I am NOT my personality

Now, this is a tricky one, but please hear me out. You might be thinking, "Isn't that the whole point? That by true personality is my true being?". So, let's start by asking ourselves this first: What is my true personality?

I am not my personality, just my being is enough

Oftentimes we don't realise, but we have constructed a character of ourselves in our minds/egos that does not necessarily align with our being. Not to mention the character expectations that others have of us. I'll give you an example of myself. For as long as I can remember I have fed myself the narrative that I am "clumsy" and "impractical", and that a "logical way of thinking did not come naturally to me - that this is just who I am.

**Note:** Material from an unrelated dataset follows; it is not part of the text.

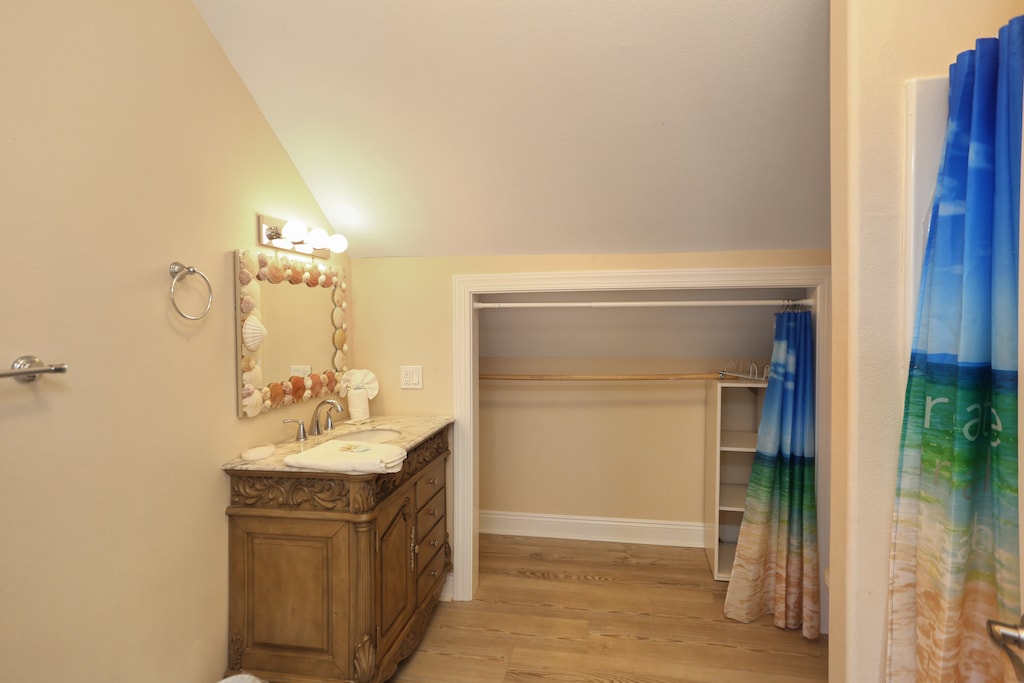 Bedroom 4 - Full Bath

Little did I know, it was actually my ego telling me that as a means to protect myself. If that is just who I am, then why change? Why confront the fact that it might feel safe for me to hide behind that excuse in order to not get embarrassed in circumstances that I could have instead taken control of? See, once we attach ourselves too strongly to our mind's identity, we do not give ourselves space to grow or to live in our authentic being. This does not only apply for what we see as our "weaknessess", but also our strengths, the personality traits we attribute to ourselves straight off the bat if we are asked to describe ourselves, such as "funny", "friendly", "ambitious", "shy"...

Let's all create our own list of characteristics and consider how attached we are to them. Let's ponder - if one of them was taken away, e.g. the quality of being "funny", would you still hold as much value as a person? Would your friends still hang around on the days you were lacking humour - would you still have something to offer? The answer is, of course, that your being is enough (and please note that this has nothing to do with your value determined by others, but more on that later). If and when you change and your qualities evolve, you are still you. If you are rooted in your being, then there is no need to be attached to your mind's identity, and you are confident enough to grow in and out of your fixed "personality".

Question: List all of your personality traits. Remove them one by one. Ask: How attached am I to each one? How would I feel if I had to let one go? Which ones do I value the most and why? Which ones could I let go of and allow myself to evolve?

Affirmation: My identity is rooted in my being, and my being is enough.